One such organization, founded with Rowling’s money, is Beira’s Place, a women’s shelter founded for the purpose of excluding trans women from runaway shelters.

Another group that has been hinting at its interest in such a lawsuit is For Women Scotland (FWS), the group whose case led to the UK government only recognizing a person’s sex assigned at birth for most legal purposes. This then led to the UK floating guidance that would bar trans people from public bathrooms, a change which FWS supports.

Their letter to amnesty reads, “We now ask that you apologise to FWS for the malicious characterisation of our organisation in your report”, and threatens that “further measures” would be taken if Amnesty did not comply. 

One key takeaway of the Amnesty report was how such groups have an order of magnitude more funding than they had a few years ago. Over the period the report covers, 2019 to 2024, the funding of anti-rights groups in general rose 47%, while the funding of groups primarily focused on opposing trans rights rose by 1,958%, an increase ten times greater than that of any other category.
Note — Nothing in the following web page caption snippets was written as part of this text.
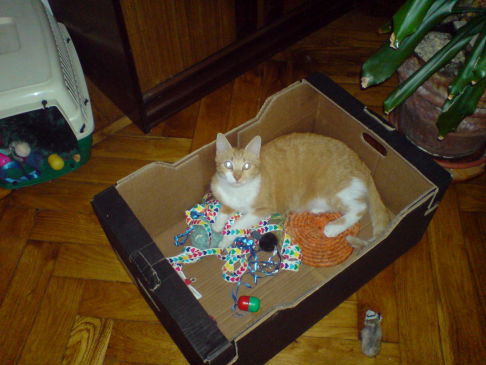 Picture of a cat / kitten / feline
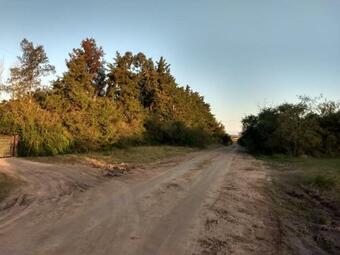 Ver fotos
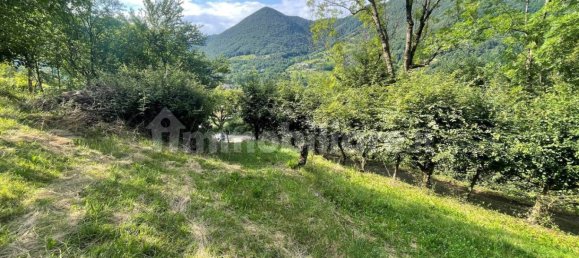 2700m² Land in Albino, Italy No. 85819 7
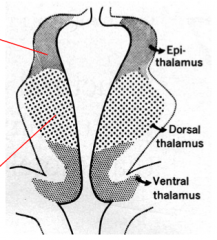 - EPITHALAMUS (habenula, pineal gland, posterior commissure)
- DORSAL THALAMUS / THALAMUS (thalamic nuclei, external and internal medullary lamina)
- VENTRAL THALAMUS (reticular nucleus and ventral lateral geniculate nucleus-vLGN)
- SUBTHALAMUS (zona i
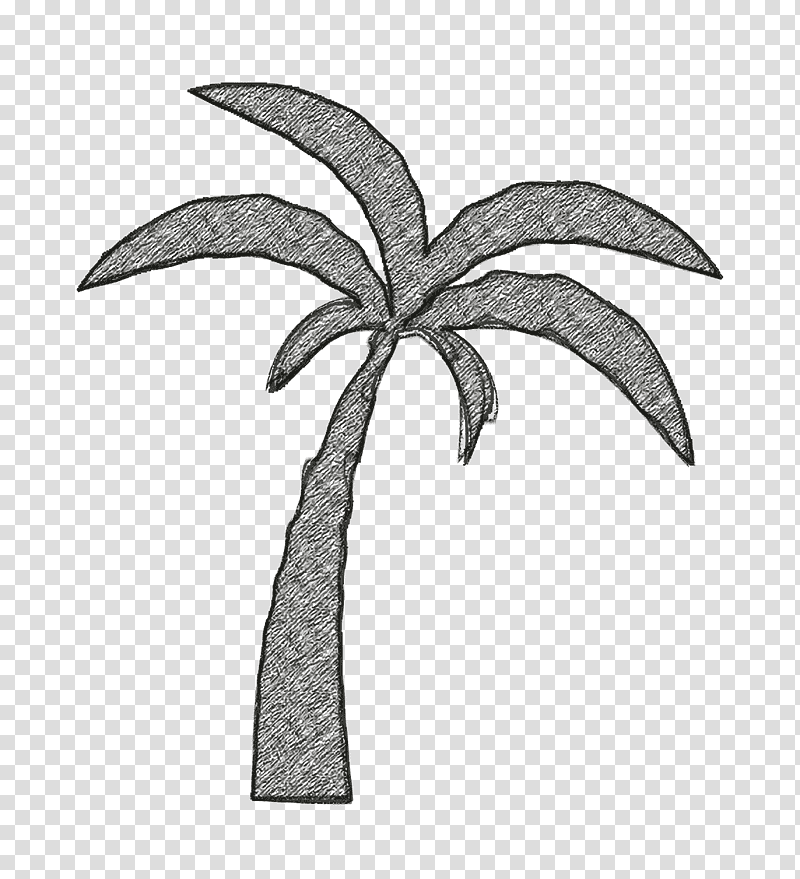 nature icon Palm tree icon Beach icon, Plant Stem, Leaf, Flower, Drawing, M02csf, Flora transparent background PNG clipart
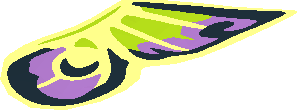 ~Animal Butterfly Black, Medium Lavender and Lime Wing Pattern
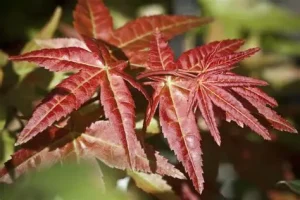 Acer palmatum 'Beni-Maiko' – Japán juhar 40+cm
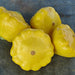 Yellow Scallop, Summer Squash, - BoxGardenSeedsLLC -Squash,Pumpkins - Seeds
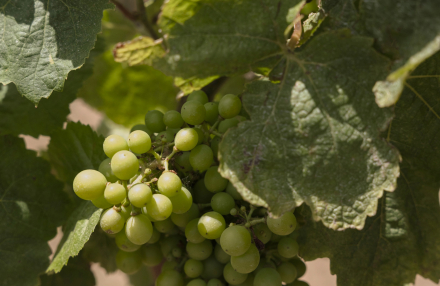 Racimo de uvas verdes en el viñedo de Torralbenc
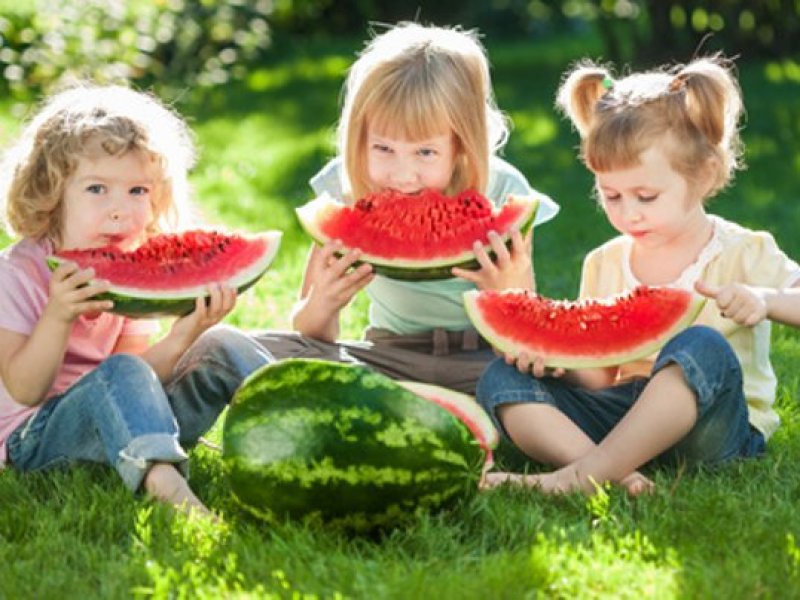 kinder-picknick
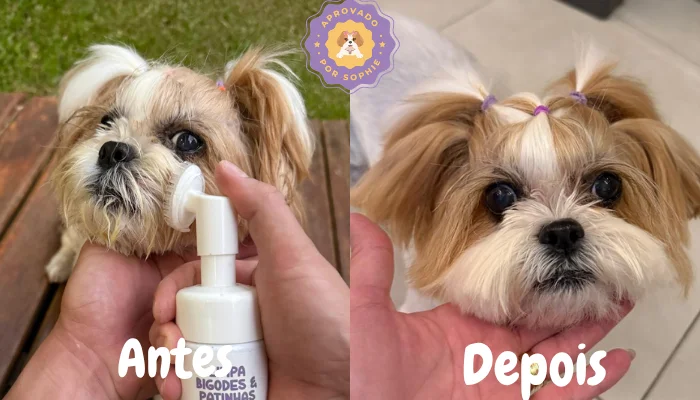 Cachorro no colo com tutor com Otospheres nas m�os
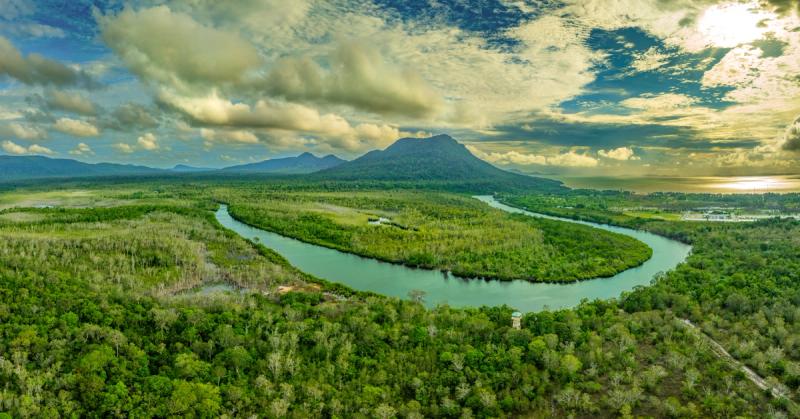 A broad river bend through forest under a cloudy sky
Another takeaway is that the biggest source of funding for anti-rights groups in the UK are similar groups from the United States, rather than UK-based groups. 

The report makes no mention of J.K. Rowling or her fund, since there is no hard data on how much she is contributing. It is possible that the report is under-counting the total funding as a result.

As such, the full scope and scale of anti-trans funding, as detailed by the report, is much larger than just J.K. Rowling. It is a campaign waged by dozens of organizations.